Another opportunity is to offer consumers, including the grab-and-go shoppers, even greater convenience by selling rotisserie chicken already cut into pieces. 

“An up-charge of a dollar or two will likely be acceptable to these buyers,” says Super. “Since convenience is most important for these customers, stores should consider cutting the chicken into its various parts and, perhaps, giving the shopper the option to retain the back portion or not. Delis should test market offering in-store rotisserie chicken in a cut-up form with an appropriate up-charge.” 

While consumers want even more convenience, a growing number of them also want chicken produced in ways that are more respectful of the birds, the environment or both. 

Supermarket deli sales of natural or organic chicken increased 8% in the most recent report from the Madison, WI-based International Dairy Deli Bakery Association’s (IDDBA) What’s in Store 2020, while sales of conventional chicken dipped a modest 1%. 

As a sign of the times D’Artagnan of Union, NJ, known for its high end duck, goose, pheasant and charcuterie products, recently teamed up with small Amish and Mennonite farmers to introduce Green Circle free range chicken, heritage varieties raised antibiotic and hormone free under certified human conditions. 

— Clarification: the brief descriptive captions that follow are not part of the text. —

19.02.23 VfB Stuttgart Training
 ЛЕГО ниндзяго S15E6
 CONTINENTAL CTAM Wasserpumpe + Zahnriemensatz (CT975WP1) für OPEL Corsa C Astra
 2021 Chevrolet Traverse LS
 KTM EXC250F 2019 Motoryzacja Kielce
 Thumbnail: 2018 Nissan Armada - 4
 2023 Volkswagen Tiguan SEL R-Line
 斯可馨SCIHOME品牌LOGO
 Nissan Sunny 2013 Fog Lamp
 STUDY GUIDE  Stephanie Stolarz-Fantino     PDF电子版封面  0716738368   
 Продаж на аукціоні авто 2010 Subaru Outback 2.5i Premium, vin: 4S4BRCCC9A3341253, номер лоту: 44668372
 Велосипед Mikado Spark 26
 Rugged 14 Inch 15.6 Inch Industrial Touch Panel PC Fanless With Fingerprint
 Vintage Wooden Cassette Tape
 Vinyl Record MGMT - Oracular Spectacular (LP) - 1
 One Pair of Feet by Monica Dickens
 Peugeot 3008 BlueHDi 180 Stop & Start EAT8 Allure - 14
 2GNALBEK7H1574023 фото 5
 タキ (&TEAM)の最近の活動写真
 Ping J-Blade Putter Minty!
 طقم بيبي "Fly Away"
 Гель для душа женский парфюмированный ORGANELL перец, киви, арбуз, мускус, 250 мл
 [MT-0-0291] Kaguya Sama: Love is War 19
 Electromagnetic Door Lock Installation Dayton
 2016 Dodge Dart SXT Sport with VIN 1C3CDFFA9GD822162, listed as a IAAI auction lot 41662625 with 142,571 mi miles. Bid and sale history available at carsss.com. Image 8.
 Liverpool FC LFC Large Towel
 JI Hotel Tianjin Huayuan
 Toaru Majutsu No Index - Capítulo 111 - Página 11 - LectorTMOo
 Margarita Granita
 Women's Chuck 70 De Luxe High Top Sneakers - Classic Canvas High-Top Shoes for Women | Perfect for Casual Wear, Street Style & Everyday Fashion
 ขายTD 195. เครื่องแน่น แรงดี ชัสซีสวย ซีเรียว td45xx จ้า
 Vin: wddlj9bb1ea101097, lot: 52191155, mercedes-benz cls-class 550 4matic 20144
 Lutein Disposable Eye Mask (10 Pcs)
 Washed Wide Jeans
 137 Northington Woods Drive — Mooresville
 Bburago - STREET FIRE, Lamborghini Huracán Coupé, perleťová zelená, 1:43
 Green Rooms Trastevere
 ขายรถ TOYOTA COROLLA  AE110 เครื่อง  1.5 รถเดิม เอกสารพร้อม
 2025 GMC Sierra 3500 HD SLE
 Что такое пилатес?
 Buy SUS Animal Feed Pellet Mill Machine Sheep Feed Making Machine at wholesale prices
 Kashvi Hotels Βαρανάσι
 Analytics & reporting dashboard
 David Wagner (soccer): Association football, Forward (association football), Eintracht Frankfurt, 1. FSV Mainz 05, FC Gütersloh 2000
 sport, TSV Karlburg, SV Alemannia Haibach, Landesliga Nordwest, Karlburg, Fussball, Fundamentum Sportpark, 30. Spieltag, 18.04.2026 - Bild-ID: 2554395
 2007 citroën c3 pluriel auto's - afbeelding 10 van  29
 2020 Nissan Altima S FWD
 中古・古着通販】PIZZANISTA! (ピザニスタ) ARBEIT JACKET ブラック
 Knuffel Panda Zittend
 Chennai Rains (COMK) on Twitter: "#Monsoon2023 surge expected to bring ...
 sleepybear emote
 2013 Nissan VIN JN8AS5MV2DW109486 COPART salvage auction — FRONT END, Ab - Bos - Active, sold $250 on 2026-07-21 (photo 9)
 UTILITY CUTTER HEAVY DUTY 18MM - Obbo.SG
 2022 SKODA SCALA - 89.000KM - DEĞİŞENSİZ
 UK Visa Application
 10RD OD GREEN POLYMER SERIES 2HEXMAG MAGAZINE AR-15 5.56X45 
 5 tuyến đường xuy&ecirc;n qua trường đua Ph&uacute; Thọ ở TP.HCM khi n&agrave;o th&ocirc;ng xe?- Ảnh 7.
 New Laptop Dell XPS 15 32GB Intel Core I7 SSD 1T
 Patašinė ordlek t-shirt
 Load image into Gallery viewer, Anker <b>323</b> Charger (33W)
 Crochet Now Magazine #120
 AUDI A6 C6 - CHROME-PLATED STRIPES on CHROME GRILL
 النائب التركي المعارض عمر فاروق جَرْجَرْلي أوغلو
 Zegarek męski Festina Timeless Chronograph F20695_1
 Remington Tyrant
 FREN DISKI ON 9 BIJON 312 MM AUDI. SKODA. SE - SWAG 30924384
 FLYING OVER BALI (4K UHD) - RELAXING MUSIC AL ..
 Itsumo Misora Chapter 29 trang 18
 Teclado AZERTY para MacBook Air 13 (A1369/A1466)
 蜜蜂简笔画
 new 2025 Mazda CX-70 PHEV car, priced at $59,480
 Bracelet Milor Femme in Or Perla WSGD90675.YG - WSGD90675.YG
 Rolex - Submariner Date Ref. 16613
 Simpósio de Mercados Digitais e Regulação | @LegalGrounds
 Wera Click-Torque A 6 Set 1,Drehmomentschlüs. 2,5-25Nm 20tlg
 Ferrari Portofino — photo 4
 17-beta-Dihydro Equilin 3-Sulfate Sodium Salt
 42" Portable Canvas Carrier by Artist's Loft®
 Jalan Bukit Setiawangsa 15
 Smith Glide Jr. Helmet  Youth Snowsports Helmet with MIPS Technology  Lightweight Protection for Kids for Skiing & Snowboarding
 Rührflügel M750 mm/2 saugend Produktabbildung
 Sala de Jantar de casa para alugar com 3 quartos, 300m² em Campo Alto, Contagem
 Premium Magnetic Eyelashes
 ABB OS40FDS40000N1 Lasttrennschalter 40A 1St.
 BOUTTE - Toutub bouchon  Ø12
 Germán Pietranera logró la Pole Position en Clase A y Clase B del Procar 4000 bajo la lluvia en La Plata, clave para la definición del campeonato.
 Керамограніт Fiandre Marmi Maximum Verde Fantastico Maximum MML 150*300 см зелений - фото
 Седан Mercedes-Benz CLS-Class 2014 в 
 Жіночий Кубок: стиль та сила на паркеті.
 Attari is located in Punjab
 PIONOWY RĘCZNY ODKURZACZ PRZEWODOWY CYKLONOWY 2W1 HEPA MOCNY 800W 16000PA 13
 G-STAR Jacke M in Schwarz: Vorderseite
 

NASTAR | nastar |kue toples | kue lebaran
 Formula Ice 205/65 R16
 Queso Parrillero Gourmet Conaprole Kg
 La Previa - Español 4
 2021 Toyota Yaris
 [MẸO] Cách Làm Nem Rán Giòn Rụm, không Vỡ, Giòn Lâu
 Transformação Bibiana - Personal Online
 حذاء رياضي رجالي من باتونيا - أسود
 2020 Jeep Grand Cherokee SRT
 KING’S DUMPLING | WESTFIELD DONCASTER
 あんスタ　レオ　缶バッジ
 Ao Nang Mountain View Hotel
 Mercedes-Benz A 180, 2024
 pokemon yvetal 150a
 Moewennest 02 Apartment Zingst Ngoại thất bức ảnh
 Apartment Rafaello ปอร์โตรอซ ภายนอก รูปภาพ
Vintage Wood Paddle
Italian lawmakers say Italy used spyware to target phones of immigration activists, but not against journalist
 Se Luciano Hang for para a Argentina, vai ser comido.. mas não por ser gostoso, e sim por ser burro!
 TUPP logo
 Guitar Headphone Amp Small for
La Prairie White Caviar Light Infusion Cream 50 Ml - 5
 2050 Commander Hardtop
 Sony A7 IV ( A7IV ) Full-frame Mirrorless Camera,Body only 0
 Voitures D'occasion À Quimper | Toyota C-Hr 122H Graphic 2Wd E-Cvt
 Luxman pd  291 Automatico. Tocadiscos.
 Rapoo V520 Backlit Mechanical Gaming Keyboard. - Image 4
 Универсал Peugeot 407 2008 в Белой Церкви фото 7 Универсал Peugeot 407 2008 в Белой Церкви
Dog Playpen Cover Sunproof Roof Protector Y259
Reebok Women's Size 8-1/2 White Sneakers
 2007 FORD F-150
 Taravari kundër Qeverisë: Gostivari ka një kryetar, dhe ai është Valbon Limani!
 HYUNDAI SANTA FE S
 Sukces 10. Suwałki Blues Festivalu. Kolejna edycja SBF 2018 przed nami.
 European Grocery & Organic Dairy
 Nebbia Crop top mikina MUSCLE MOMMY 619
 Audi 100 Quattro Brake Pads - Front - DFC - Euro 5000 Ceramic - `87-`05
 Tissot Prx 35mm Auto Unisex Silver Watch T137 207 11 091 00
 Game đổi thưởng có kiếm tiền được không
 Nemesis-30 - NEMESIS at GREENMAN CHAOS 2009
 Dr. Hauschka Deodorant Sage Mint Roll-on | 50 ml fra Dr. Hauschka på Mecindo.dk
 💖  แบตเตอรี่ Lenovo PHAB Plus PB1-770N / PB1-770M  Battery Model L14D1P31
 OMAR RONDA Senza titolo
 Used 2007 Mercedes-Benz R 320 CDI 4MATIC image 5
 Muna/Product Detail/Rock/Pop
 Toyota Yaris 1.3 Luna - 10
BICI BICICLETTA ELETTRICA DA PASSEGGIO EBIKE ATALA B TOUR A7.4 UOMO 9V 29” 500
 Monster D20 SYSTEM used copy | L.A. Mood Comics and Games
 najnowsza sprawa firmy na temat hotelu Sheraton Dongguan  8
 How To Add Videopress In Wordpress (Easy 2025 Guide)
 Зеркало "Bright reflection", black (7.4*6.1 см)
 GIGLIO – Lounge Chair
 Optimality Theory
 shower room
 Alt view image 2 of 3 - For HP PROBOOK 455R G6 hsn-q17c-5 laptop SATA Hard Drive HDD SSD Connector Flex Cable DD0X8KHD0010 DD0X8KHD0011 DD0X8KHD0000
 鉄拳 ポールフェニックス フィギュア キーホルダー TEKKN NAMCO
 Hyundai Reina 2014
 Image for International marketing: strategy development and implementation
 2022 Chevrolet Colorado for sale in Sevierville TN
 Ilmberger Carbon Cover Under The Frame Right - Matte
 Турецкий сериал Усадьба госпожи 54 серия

“The Green Circle chicken is one of the fastest growing items in our portfolio because of the product quality and the taste,” says Terence Martin, vice president for retail sales at D’Artagnan. “They are free range and finished with vegetable scraps from local restaurants.” 

D’Artagnan has been at the forefront of the movement to treat animals humanely since the company was founded in 1985, and although most of their products are high end, some are reaching the mainstream. 

“Fairway Market is a customer of ours, and they started using antibiotic free rotisserie chicken in 2019,” says Martin. “We have some Green Circle rotisserie chickens in higher end independent stores.” 

Selling Sustainability

The packaging industry is also offering alternatives that speak to the demand for a greener food supply.

“In March 2019, TC Transcontinental joined the Ellen MacArthur Foundation’s New Plastics Economy Global Commitment,” says Rebecca Casey, vice president marketing and consumer market development for Transcontinental, based in Lenexa, KS. “We have committed, by 2025, for 100% of our plastic packaging to be reusable, recyclable or compostable and to achieve a 10% use of post-consumer recycled content on average by weight across all plastics in our product offering. We are very serious about this commitment, and we believe it will be an exciting and inspiring journey.” 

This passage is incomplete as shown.